Le samedi 25 juillet, cinq ans jour pour jour après la suspension du Parlement par le président Kaïs Saïed et le passage au gouvernement par décrets, des manifestants ont défilé de la place de la République au Théâtre municipal, le long de l'avenue Habib-Bourguiba, aux cris de « Dégage ! » et « Liberté, travail, dignité nationale ». Le rassemblement était à l'appel de Nafas, plateforme qui réunit partis d'opposition et personnalités indépendantes ; les porte-parole d'Al Joumhouri et d'Ennahdha ont relevé que la mobilisation dépasse désormais largement l'opposition traditionnelle pour toucher des citoyens excédés par les prix et la dégradation des services publics.
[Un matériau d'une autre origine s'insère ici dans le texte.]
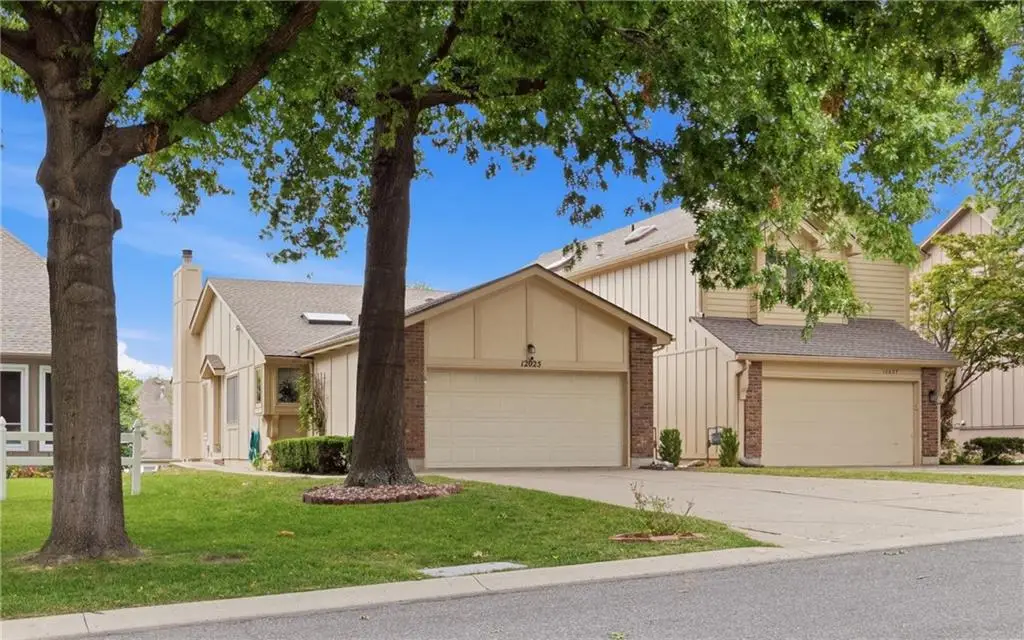 12025 Hemlock Street, Overland Park, KS 66213 - #1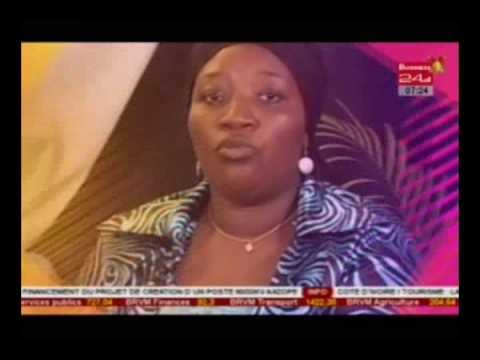 Business 24 / Business Matin - A la Une : Entrepreneuriat et qualités d’un bon entrepreneur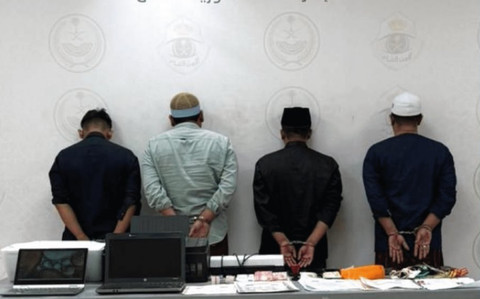 Dok. Security KSA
Kaïs Saïed soutient pour sa part que ses mesures visent la corruption et le chaos, et qu'aucune liberté n'a été restreinte.

Pour le 69e anniversaire de la République, le 25 juillet, le chef de l'État n'a prononcé aucun discours ni adressé de message officiel aux Tunisiens, relève Business News : comme il avait déjà fait l'impasse sur ses vœux de l'Aïd el-Kébir, rompant avec une tradition politique bien ancrée. Depuis 2021, Kaïs Saïed communique presque exclusivement par des vidéos diffusées sur la page officielle de la présidence, au fil de réunions et de visites de terrain, les allocutions solennelles se raréfiant d'année en année. Ce silence tombe en pleine série de coupures d'électricité et d'eau, sous une canicule historique : l'absence de toute reconnaissance officielle de la crise n'en est que plus politique.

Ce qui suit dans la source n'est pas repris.